Мир, который — создает? описывает? — Наум Ним, устроен для этого наилучшим, наиболее удачным образом. В нем способны длить существование только уродливые формы. Человеческая форма — деградирует, рассыпается, умирает. По сюжетному движению повести можно — шаг за шагом — восстановить этот точно прописанный авторский замысел: показать, что выхода из этого мира нет, инерция его вращения направлена только к разрушению человеческого... А еще — маячит догадка, что речь, может быть, и не о зоне вовсе, а о том, что территориально гораздо ближе... Просто в зоне процессы идут заметнее и быстрее...
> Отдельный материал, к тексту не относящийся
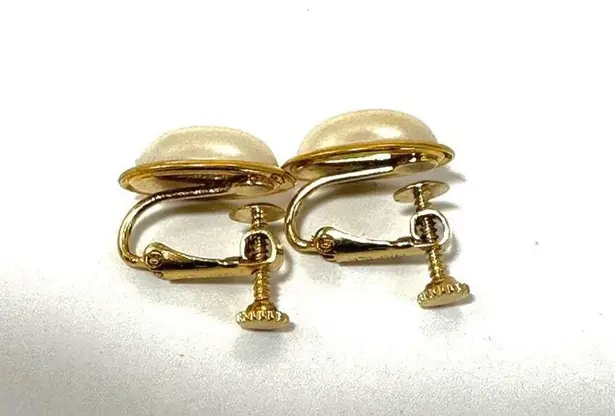 Napier faux pearl oval gold tone clip on earrings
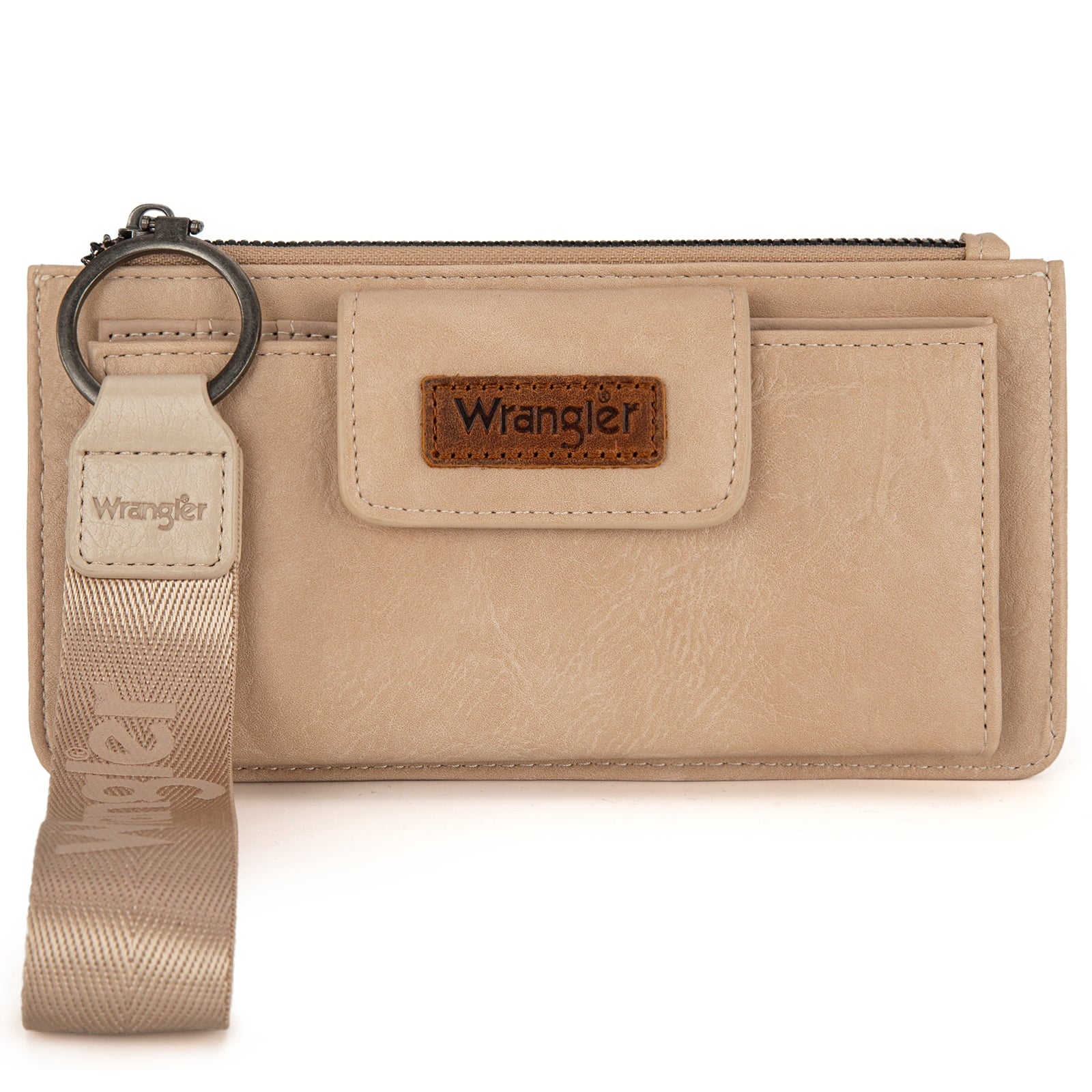 Wrangler Minimalist Wristlet Wallet with Phone Slot & RFID Protection & Smooth Zipper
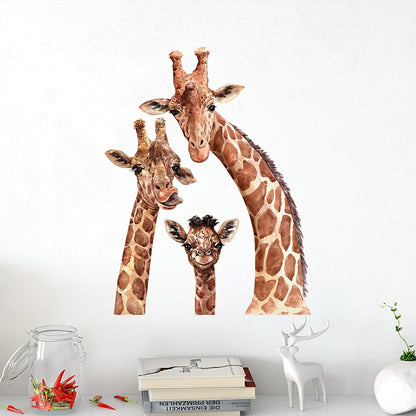 Cute Giraffe Family Wall Stickers, Living Room Wall Decor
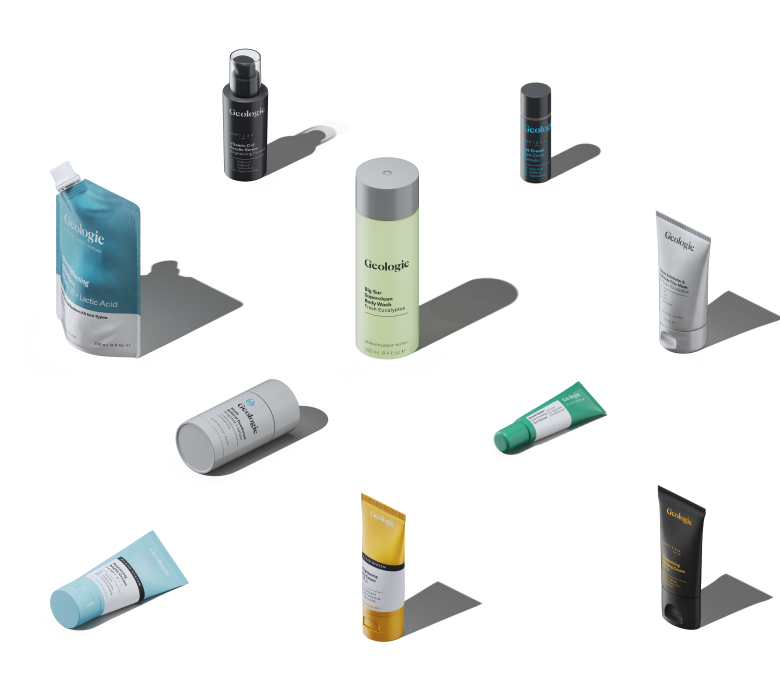 Hero Set Free Gift by Geologie: A collection of assorted skincare essentials, including tubes, bottles, and a convenient pouch from the Core Set, elegantly displayed against a simple backdrop. Ideal for anyone looking to revitalize their skincare routine.
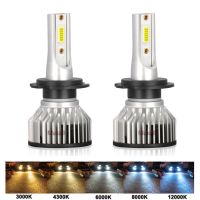 2Pcs 80W 12000LM Car Haedlight H4 H7 H1 H8 H9 H11 4300K 5000K 6500K 8000K 25000K Auto Fog Light 12V 24v Bulb 4300K 6000K Bulbs  LEDs  HIDs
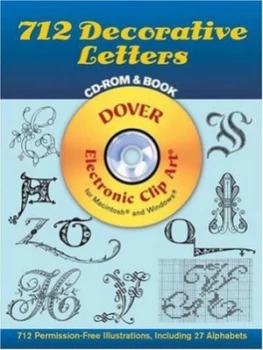 Image of 712 Decorative Letters Cd-Rom and Book Paperback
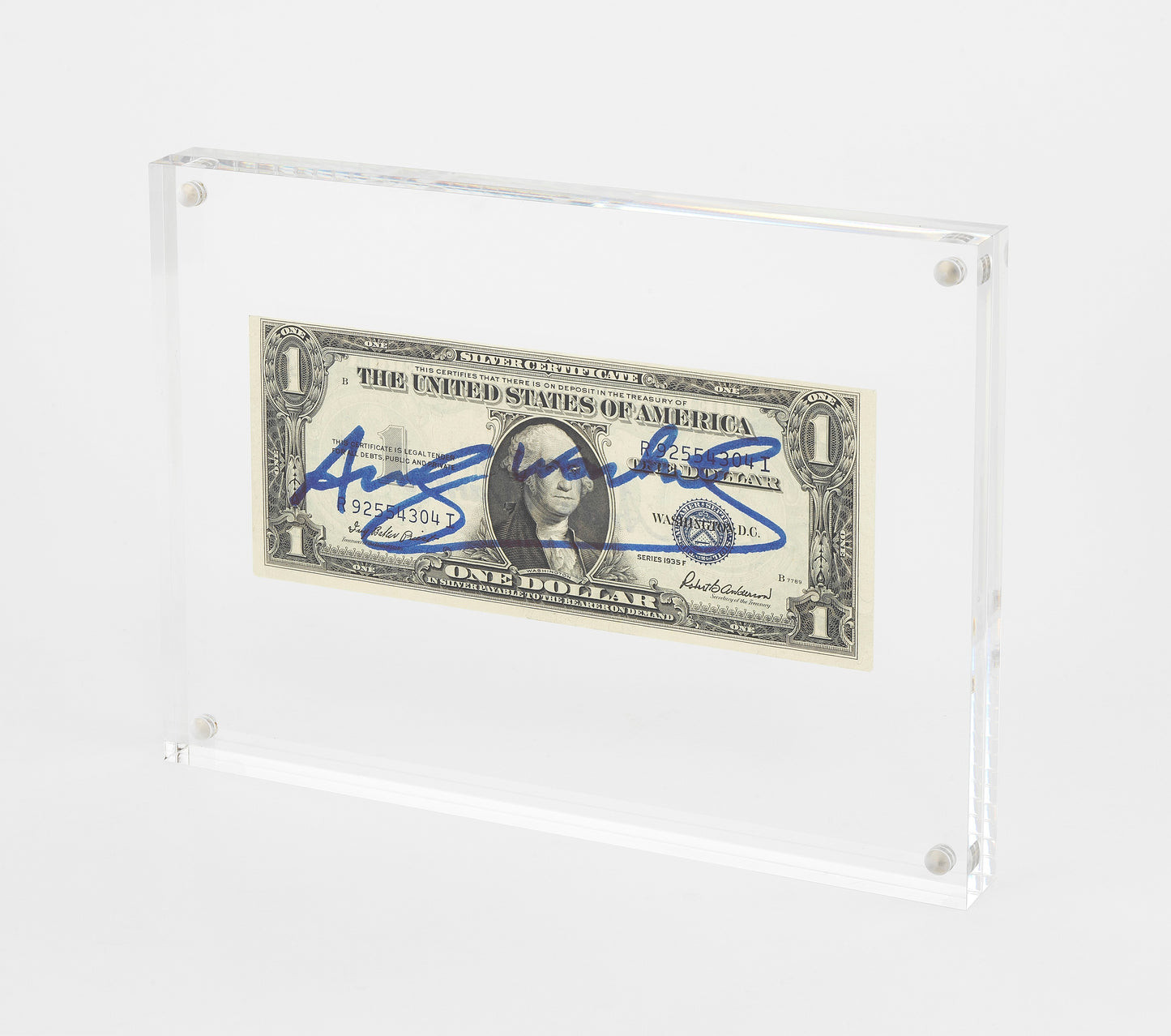 Andy Warhol signed 1 dollar with authenticity certificate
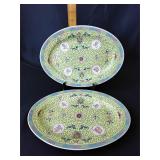 Chinese yellow familiar rose Oval plates (2)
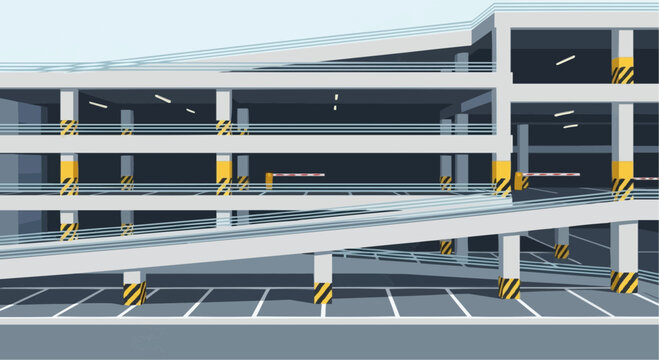 Modern multi-level parking garage with ramps and striped parking spaces.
И не просто быстрее, пожалуй даже — с ускорением. Читающий ощущает это ускорение на себе, физически достоверно. В какой-то момент с ним самим начинает что-то происходить. Автору, похоже, удается не просто протащить читающего через создаваемый им мир, но и ввергнуть его в странные телесно-ощутимые метаморфозы...
В повести есть событие, после которого как будто происходит некий слом, повествование начинает деформироваться.
Внешний наблюдатель, оставшийся где-то на периферии сознания, еще следит за фактической историей героя: Слепухин попадает — в свой черед — к приехавшему в зону с проверкой прокурору, решается лишь на мелкую жалобу (хоть на последнем пределе человеческого достоинства удержаться), отправлен в “подвал”... и далее по нисходящей, теряя силы к сопротивлению и приближаясь к последней, “петушиной”, границе. Линия этого движения — к касте неприкасаемых, тех, кто прошел все степени насилия над собой, чье сопротивление сломлено... То, что проходит Слепухин, — это уже не путь, это — свободное падение, а скорее, рассредоточение, распадение мира, собранного вокруг точки по имени “Слепухин”.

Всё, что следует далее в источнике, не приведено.